Je remarquais ce soir qu'il y a des noms propres en italien pour mille circonstances particulières de l'amour, qui, en français, exigeraient des périphrases à n'en plus finir: par exemple, l'action de se retourner brusquement, quand du parterre on lorgne dans sa loge la femme qu'on veut avoir, et que le mari ou le servant viennent à s'approcher du parapet de la loge.
Voici les traits principaux du caractère de ce peuple.
1o L'attention accoutumée à être au service de passions profondes ne peut pas se mouvoir rapidement, c'est la différence la plus marquante du Français à l'Italien. Il faut voir un Italien s'embarquer dans une diligence, ou faire un payement, c'est là la furia francese; c'est pour cela qu'un Français des plus vulgaires, pour peu qu'il ne soit pas un fat spirituel à la Démasure, paraît toujours un être supérieur à une Italienne. (L'amant de la princesse D… à Rome.)
2o Tout le monde fait l'amour, et non pas en cachette comme en France; le mari est le meilleur ami de l'amant;
3o Personne ne lit;
4o Il n'y a pas de société. Un homme ne compte pas pour remplir et occuper sa vie sur le bonheur qu'il tire chaque jour de deux heures de conversation et le jeu de vanité dans telle maison. Le mot causerie ne se traduit pas en italien. L'on parle quand on a quelque chose à dire pour le service d'une passion, mais rarement l'on parle pour bien parler et sous tous les sujets venus;
5o Le ridicule n'existe pas en Italie.
En France nous cherchons à imiter tous les deux le même modèle et je suis juge compétent de la manière dont vous le copiez[164]. En Italie je ne sais pas si cette action singulière que je vois faire ne fait pas plaisir à celui qui la fait, et peut-être ne m'en ferait pas à moi-même.
[164] Cette habitude des Français, diminuant tous les jours, éloignera de nous les héros de Molière.
Ce qui est affecté dans le langage ou dans les manières à Rome est de bon ton ou inintelligible à Florence, qui en est à cinquante lieues. On parle français à Lyon comme à Nantes. Le vénitien, le napolitain, le génois, le piémontais, sont des langues presque entièrement différentes et seulement parlées par des gens qui sont convenus de n'imprimer jamais que dans une langue commune, celle qu'on parle à Rome. Rien n'est absurde comme une comédie dont la scène est à Milan et dont les personnages parlent romain. La langue italienne, beaucoup plus faite pour être chantée et parlée, ne sera soutenue contre la clarté française qui l'envahit que par la musique.

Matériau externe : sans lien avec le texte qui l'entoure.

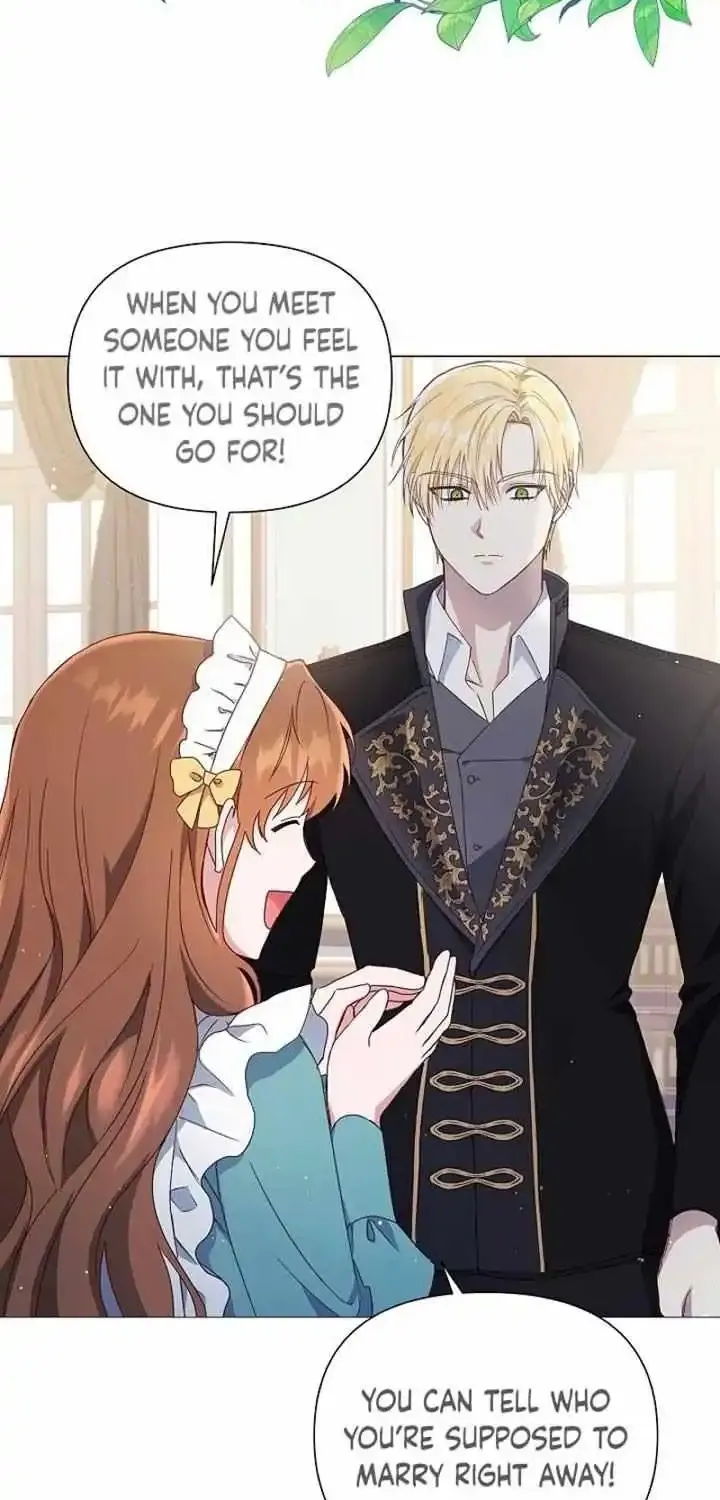 The Male Lead’s Handsomeness Is a Big Problem Kainu Manga Chapter 1 Page 50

En Italie la crainte du pacha et de ses espions fait estimer l'utile; il n'y a pas du tout d'honneur bête[165]. Il est remplacé par une sorte de petite haine de société, appelée petegolismo.

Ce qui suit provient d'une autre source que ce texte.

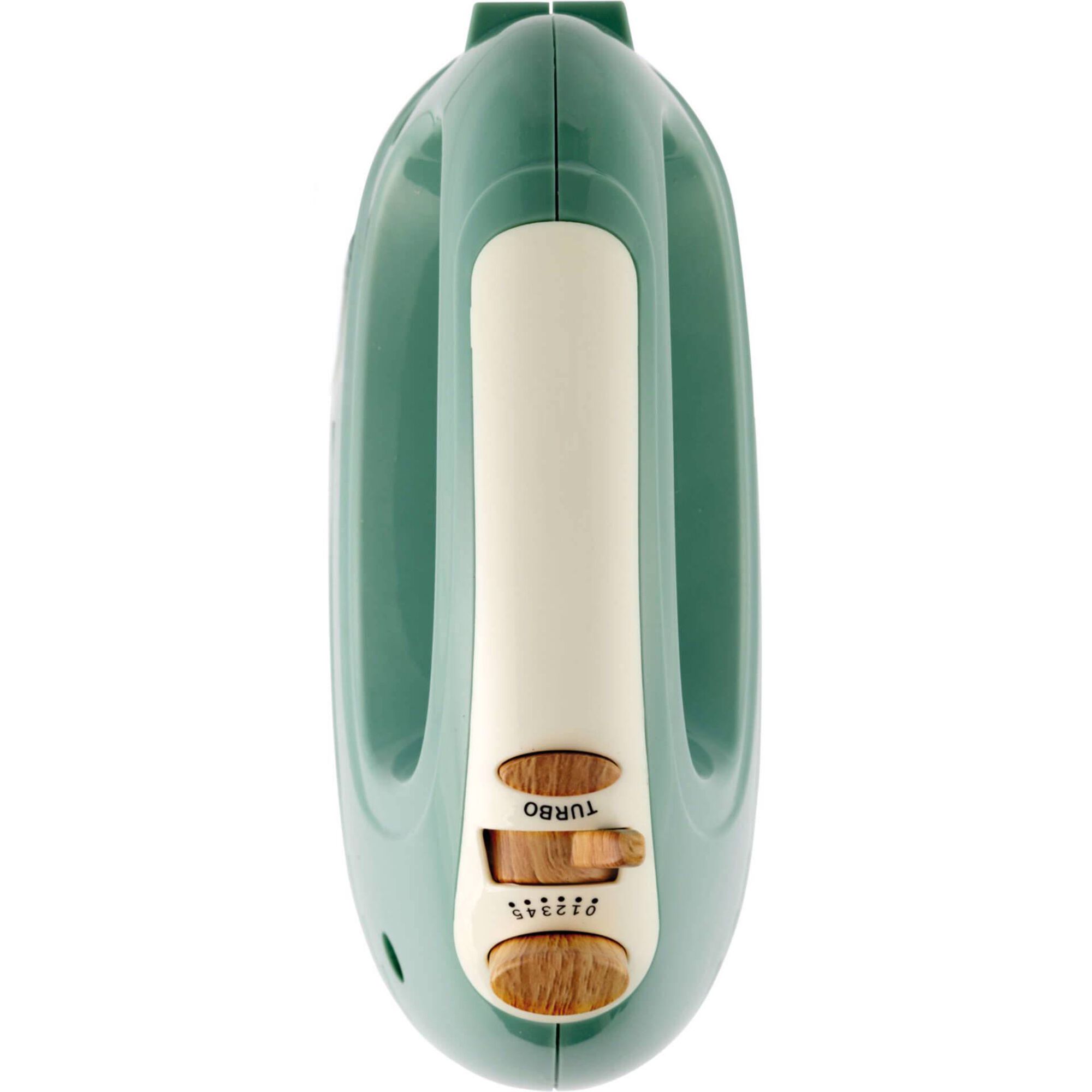 Batedeira sem Taça Verde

[165] Toutes les infractions à cet honneur sont ridicules dans les sociétés bourgeoises en France. (Voir la Petite Ville, de M. Picard.)
Enfin donner un ridicule, c'est se faire un ennemi mortel, chose fort dangereuse dans un pays où la force et l'office des gouvernements se bornent à arracher l'impôt et à punir tout ce qui se distingue.
6o Le patriotisme d'antichambre.
Cet orgueil qui nous porte à chercher l'estime de nos concitoyens, et à faire corps avec eux, expulsé de toute noble entreprise, vers l'an 1550, par le despotisme jaloux des petits princes d'Italie, a donné naissance à un produit barbare, à une espèce de Caliban, à un monstre plein de fureur et de sottise, le patriotisme d'antichambre, comme disait M. Turgot, à propos du siège de Calais (le Soldat laboureur de ce temps-là). J'ai vu ce monstre hébéter les gens les plus spirituels. Par exemple un étranger se fera mal vouloir, même des jolies femmes, s'il s'avise de trouver des défauts dans le peintre ou dans le poète de ville, on lui dit fort bien et d'un grand sérieux qu'il ne faut pas venir chez les gens pour s'en moquer, et on lui cite à ce sujet un mot de Louis XIV sur Versailles.
A Florence on dit: il nostro Benvenuti, comme à Brescia, il nostro Arrici; ils mettent sur le mot nostro une certaine emphase contenue et pourtant bien comique, à peu près comme le Miroir parlant avec onction de la musique nationale, et de M. Monsigny, le musicien de l'Europe.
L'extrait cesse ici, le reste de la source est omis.